Give again, unaltered, the lines of the listing below that run from the line having "AntiSlipGrip Brown Stripe" through the line having "Melbourne Storm NAIDOC".

## Records provided
━━━━━━━━━━━━━━━━

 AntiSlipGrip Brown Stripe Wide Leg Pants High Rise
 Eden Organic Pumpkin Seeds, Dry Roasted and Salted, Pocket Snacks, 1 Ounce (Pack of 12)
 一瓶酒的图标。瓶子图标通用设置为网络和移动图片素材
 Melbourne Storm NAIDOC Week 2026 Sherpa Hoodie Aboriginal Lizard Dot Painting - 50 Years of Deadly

━━━━━━━━━━━━━━━━

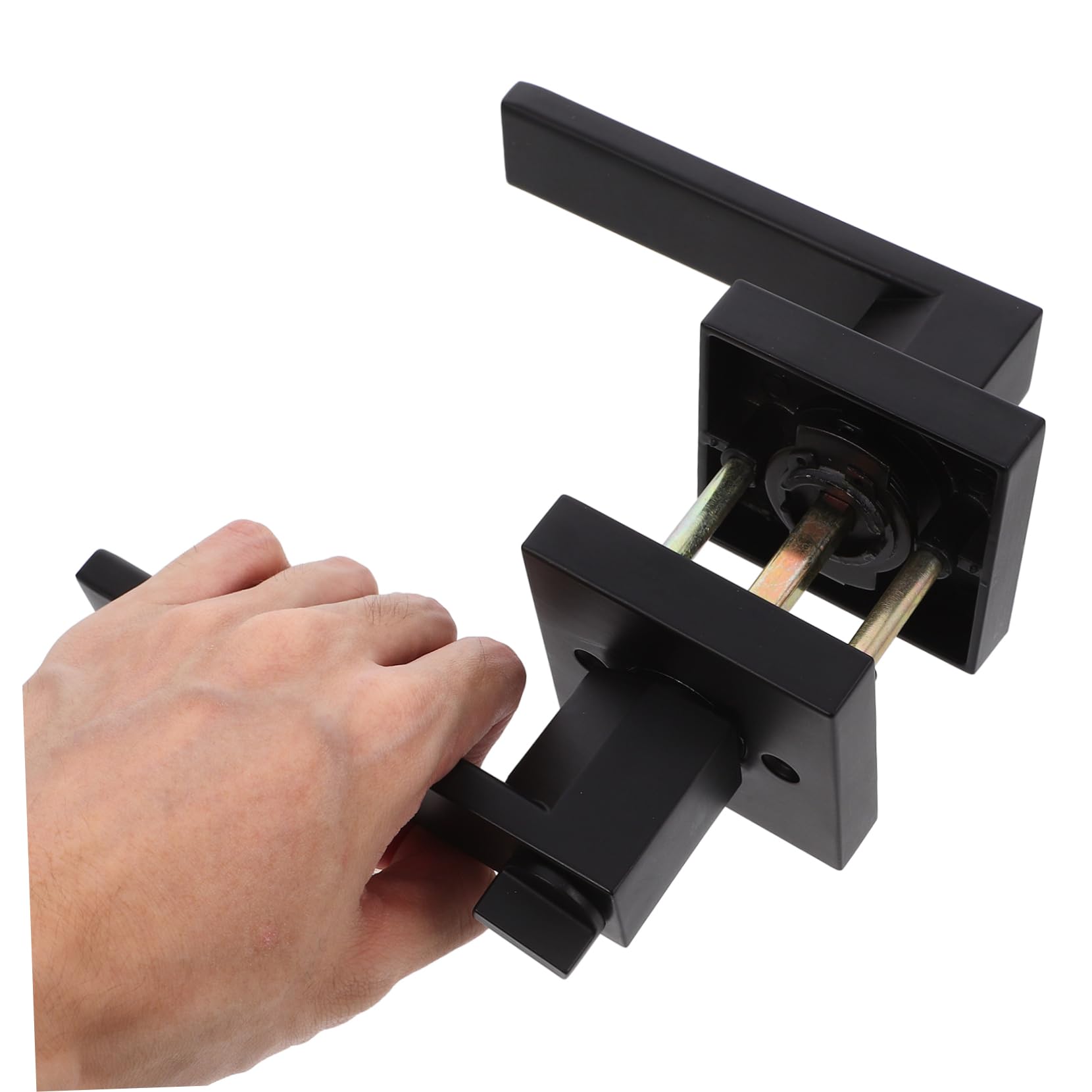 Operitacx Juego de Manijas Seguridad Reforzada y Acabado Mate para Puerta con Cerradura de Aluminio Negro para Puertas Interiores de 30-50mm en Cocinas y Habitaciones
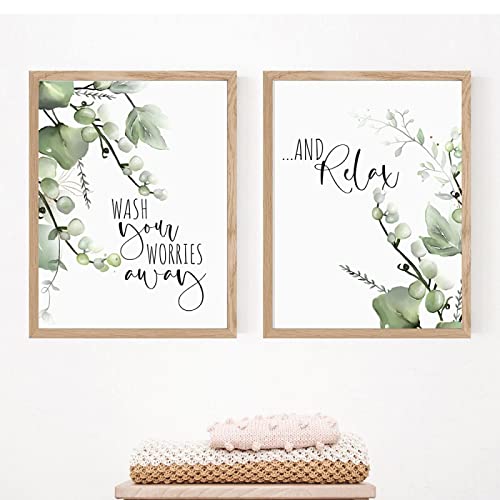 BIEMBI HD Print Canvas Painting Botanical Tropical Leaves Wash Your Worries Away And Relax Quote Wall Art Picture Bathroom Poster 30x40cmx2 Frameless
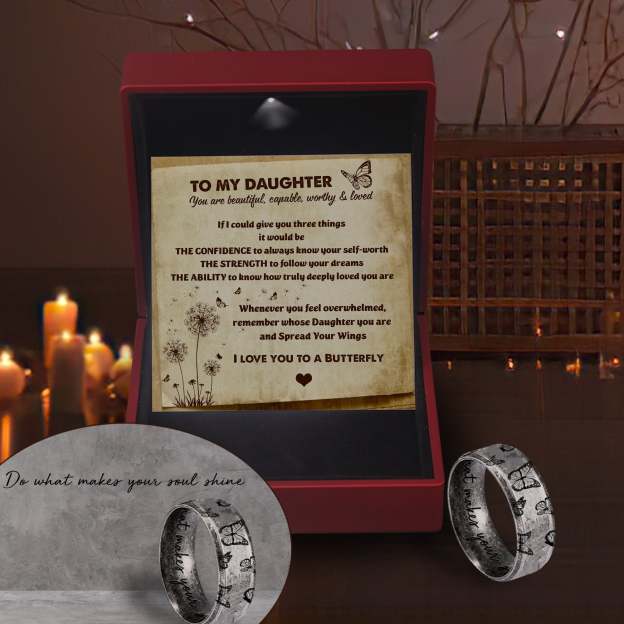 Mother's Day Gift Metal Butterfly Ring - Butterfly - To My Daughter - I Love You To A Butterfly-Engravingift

━━━━━━━━━━━━━━━━

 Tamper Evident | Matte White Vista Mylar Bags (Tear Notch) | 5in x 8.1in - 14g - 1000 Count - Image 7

━━━━━━━━━━━━━━━━

## Output of the task
 AntiSlipGrip Brown Stripe Wide Leg Pants High Rise
 Eden Organic Pumpkin Seeds, Dry Roasted and Salted, Pocket Snacks, 1 Ounce (Pack of 12)
 一瓶酒的图标。瓶子图标通用设置为网络和移动图片素材
 Melbourne Storm NAIDOC Week 2026 Sherpa Hoodie Aboriginal Lizard Dot Painting - 50 Years of Deadly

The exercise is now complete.